How that texture gets there … now, basically it’s either a procedural-texture, computer generated like “Marble,” or it is mapped from an external image. In the case of golf, an image would be the logical choice. (Search for “golf ball” [all terms] on this site and you can see exactly how it’s done.)

You can also use a bump map to deform the mesh itself. This involves the DISPLACE SLIDER on the bottom of the MAP TO SETTINGS. You can use a bump map to make hight fields (terrain and yes the surface of a golf ball). As the deformation only moves in one direction no matter what primative your using it’s a bit more work for adding it to a sphere.

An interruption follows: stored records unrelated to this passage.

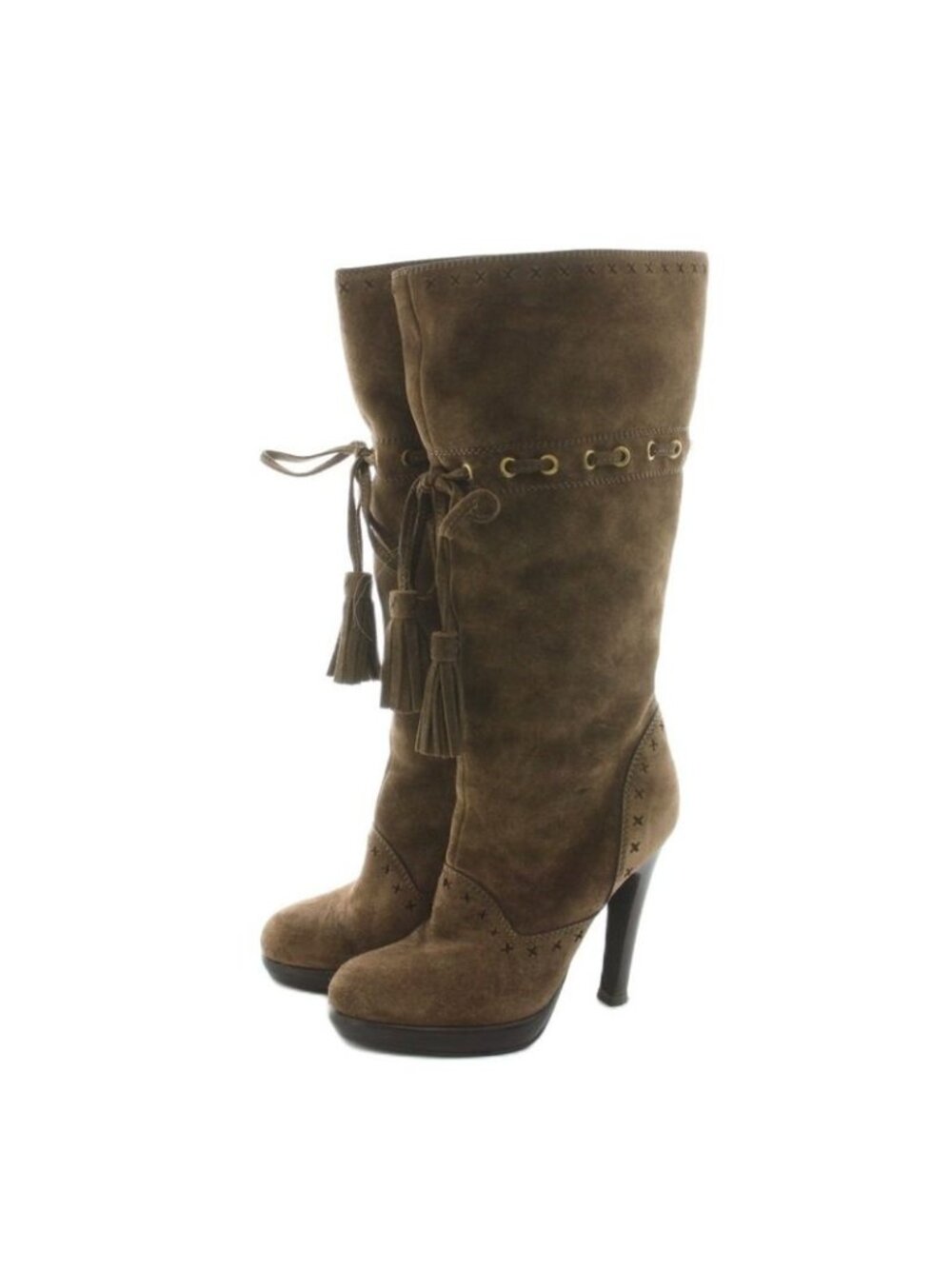 Saint Laurent Yves Long Boots Suede Tassel 35 Brown KU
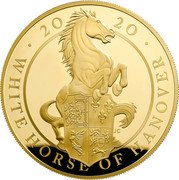 UK 1000 Pounds Elizabeth II White Horse of Hanover 2021  Proof 2020 JC WHITE HORSE OF HANOVER coin reverse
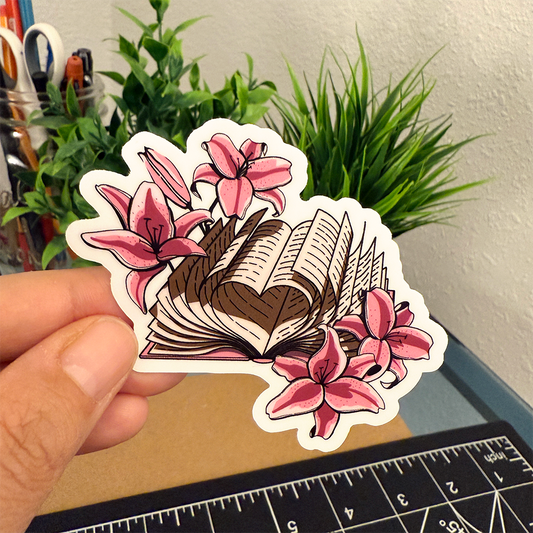 Lily Book Heart Vinyl Sticker Waterproof 3" X 2.84"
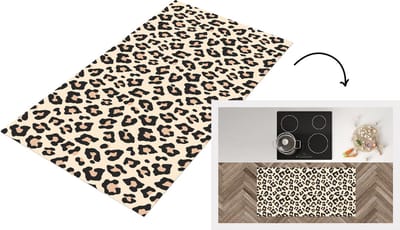 Keukenloper - Loper keuken - Dierenprint - Luipaard - Wit - 120x60 cm - Keukenloper vinyl
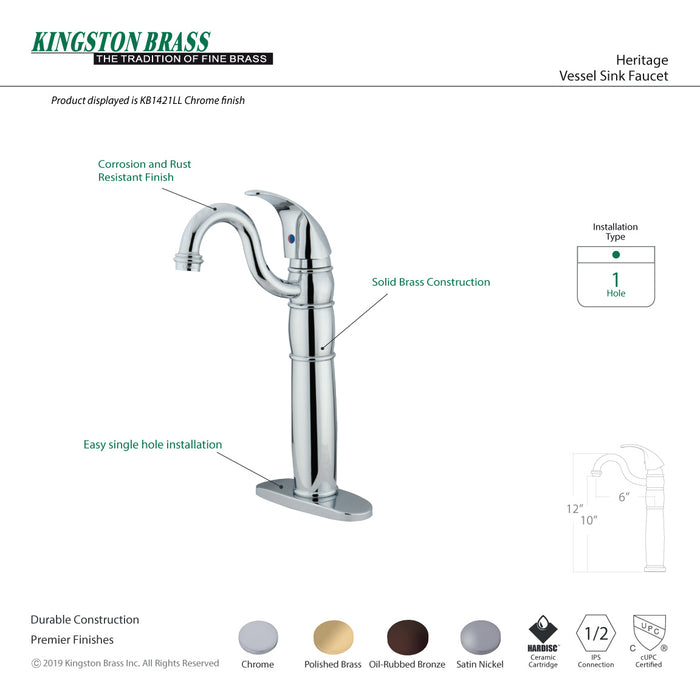 Heritage KB1421LL Single-Handle 1-Hole Deck Mount Vessel Faucet, Polished Chrome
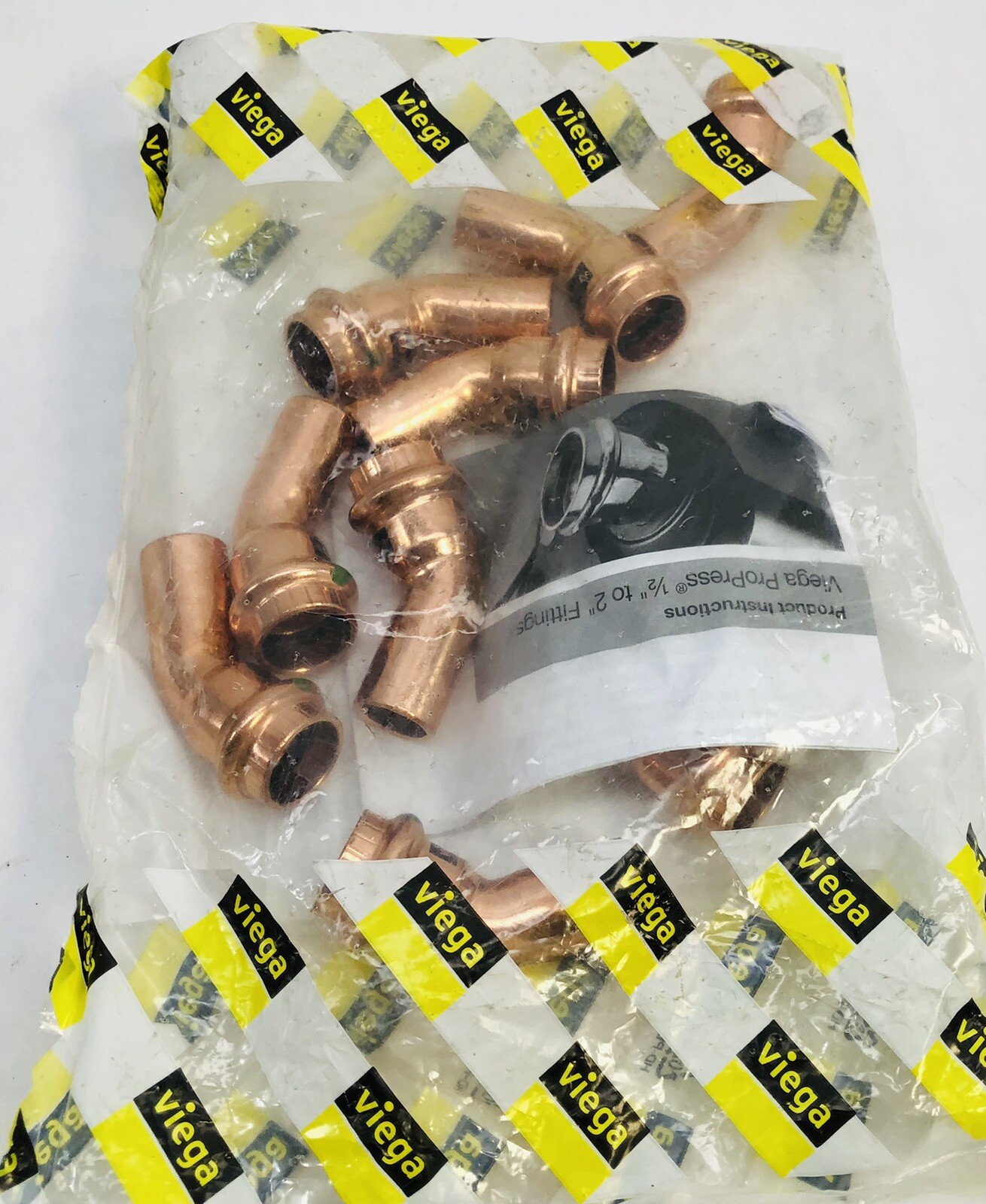LOT OF 10 VIEGA #77637 1/2" x 1/2" P x FTG 45 ° STREET ELBOW 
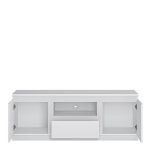 Fribo 2 Door 1 Drawer 136cm Wide TV Cabinet in White - Image 2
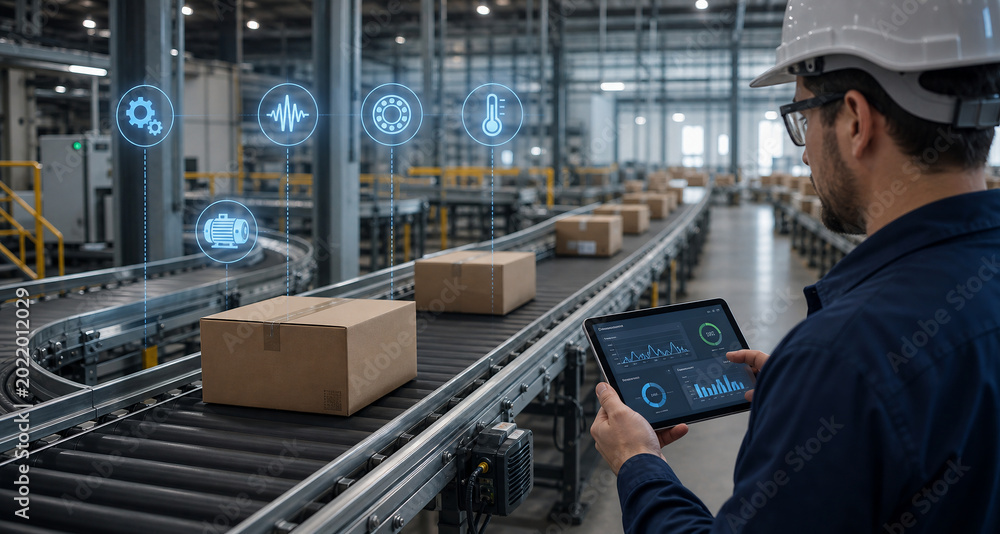 Engineer monitoring automated conveyor belt system with digital tablet in smart warehouse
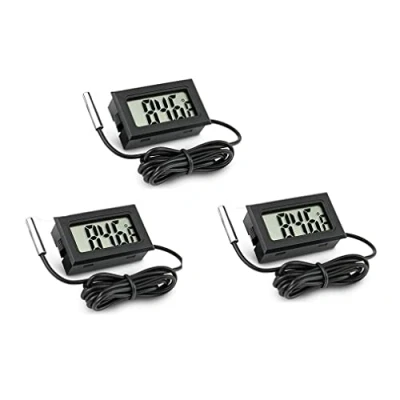 Imagen de Fasizi Termómetro digital LCD de 3 piezas con sonda externa para refrigerador, congelador, acuario, color negro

Recomends for this type of displacement.

  1. Many vertices as the displacement is moving the verticies present in the mesh it won’t add to them (perhaps it should in the future).

  2. The greyscale image is what is used. If you use a color image blender will convert the data to greyscale. This is both good and bad in that you need not create a greyscale image to map the bump but you may get unexpected results if you don’t. As it is based on the lightness or darkness of the image.

  3. Procedurals work reall good for this type but you can take an image convert it to greyscale and give a 2D image a 3D height field (psudo 3D model).

As for using Bumps in NOR mode. One thing to remember is that it’s an illusion not a physical deformation. If for instance you add a bump map to make the shutters on your modelled house look like they have depth the lessor the angle to the shutters from the camera the more you will notice it’s not 3D. It’s kinda like adding drop shadow in PSP or other 2D graphics software. You see the shadow but the closer you get to the plane of the object the less you see the shadow until it’s gone altogether.

So as long as your bump mapped surface doesn’t pertrude to far beyond the angle of incidence with the camera it will work quite well. The problem is that you are restricted to those angles with in that.

Ronson2k

In the Map To panel for the texture, choose UV - you’ll have to add the image as a usual texture as well as in face-select for this to work.